#### The task
Every line below between the line holding "TAF8 Polyclonal Antibody" and the line holding "Western Blot - Anti-RING2/RING1B/RNF2", inclusive, should be repeated exactly, and all other lines omitted.

Top of Input

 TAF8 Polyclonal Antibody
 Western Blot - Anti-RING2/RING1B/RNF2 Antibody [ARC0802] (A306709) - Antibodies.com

Bottom of Input
Top of Input

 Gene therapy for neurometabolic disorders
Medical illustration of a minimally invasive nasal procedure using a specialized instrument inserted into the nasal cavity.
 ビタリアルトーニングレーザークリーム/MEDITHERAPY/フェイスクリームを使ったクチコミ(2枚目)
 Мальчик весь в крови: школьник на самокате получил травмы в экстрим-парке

Bottom of Input
Top of Input

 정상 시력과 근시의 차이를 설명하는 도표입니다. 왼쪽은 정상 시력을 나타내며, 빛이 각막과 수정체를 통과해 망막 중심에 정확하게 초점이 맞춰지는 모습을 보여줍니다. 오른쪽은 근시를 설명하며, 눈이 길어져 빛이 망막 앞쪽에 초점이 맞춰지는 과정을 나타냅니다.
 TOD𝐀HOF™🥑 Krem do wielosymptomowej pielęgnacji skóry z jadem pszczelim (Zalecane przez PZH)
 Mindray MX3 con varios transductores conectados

Bottom of Input

#### Solution for this task
 TAF8 Polyclonal Antibody
 Western Blot - Anti-RING2/RING1B/RNF2 Antibody [ARC0802] (A306709) - Antibodies.com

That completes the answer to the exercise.